エターナル・サンシャインのDachikoのレビュー・感想・評価

エターナル・サンシャイン(2004年製作の映画)
4.1
もし、かつて愛した人間との思い出を消すことができたら、自分は消すだろうか。

愛する人が自分の元からいなくなってしまった時、起こす行動は人それぞれ。人の本性が出るタイミングは様々だけど、このシチュエーションもその1つに入るのではないだろうか。
失わまいと奔走して空回りしたり、相手を傷つけてしまったり、自己嫌悪に苛まれたり、または諦めて何日も泣き通したり、何かに誰かにやつ当たってしまったり、他の異性に一時の安らぎを求めたり。

やっぱり、臭い歌の歌詞じゃないけれど、数えきれない数の人間がいる中で、天文学レベルの可能性の中で出会えて、また更に天文学レベルの可能性の中で親密になれた人に固執してしまうのはしょうがないことだと思う。
愛の名の下にはどんな善も悪も良識も理性も概念も無力なんだろうな。結局そこには自分と相手しかいなくて、その2人次第でどこまでもゆけるし、どこまでも落ち得るのだろう。だからこそ、2人が相思相愛でいる間は何もかもが愛しいし、関係が悪化してしまえば何もかもが憎く感じてしまう。

ジョアンは元恋人のクレメンタインが自分の記憶を消してしまったことを知ったのをきっかけに、自分も記憶を消そうとする。憎さ故に。けど失いかけてから、その記憶の大切さに気付く。
記憶まで失ってしまったら、本当の意味でその人を失ってしまうから。同じ人を2度失う事になってしまうから。そして、結局その人を忘れても、再会すればまた同じように恋に落ちてしまう事が心の底では分かっているから。

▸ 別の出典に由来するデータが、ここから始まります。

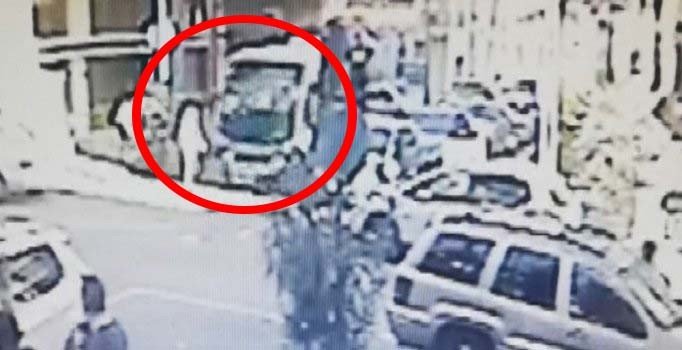 Maltepe'de güzergah dışına çıktığı belirtilen minibüs kadına çarptı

だからその記憶だけは大切にしておくべきだと思う。「忘却はより良き前進を生む」「忘却とは許す事だ」というセリフがあったが、忘却無しに前進できる事 が最善だと思うのだ。こんな事もあったなあ、と笑って、少し懐かしんで振りかえれる方がよっぽどいいと思うのだ。

ただ、結局、愛する人の大切さも、その人との思い出も、失ってからまたは失いかけてからしか、真には理解できないのだろうか。

んーあまりまとまりのないレビューになってしまった。。やっぱり恋愛映画は難しい。。本当に恋愛はその2人次第だと思うから、所詮他人は意見することは出来ない。

ただ1つ言えることは、この映画の原題である、『eternal sunshine of the spotless mind(曇りなき心に差し込む永遠の太陽の輝き』のような人間と大切な関係になれる事は、本当に素晴らしい事なのだと思う。例えそれがバッドエンドで終わる事になるとしても。

「人は残りの人生を決定づける人と結びつく事はできる。けどその結びつきは永遠には続かない。その事は物凄く美しくて、切なくて、驚くべき事だと僕は気付いたんだ」デミアン・チャゼル(LALALANDの監督)

だから決してそんな人との良い思い出を忘れてはいけない。
たまには思い出して、笑ってみる事が1番いいんだ。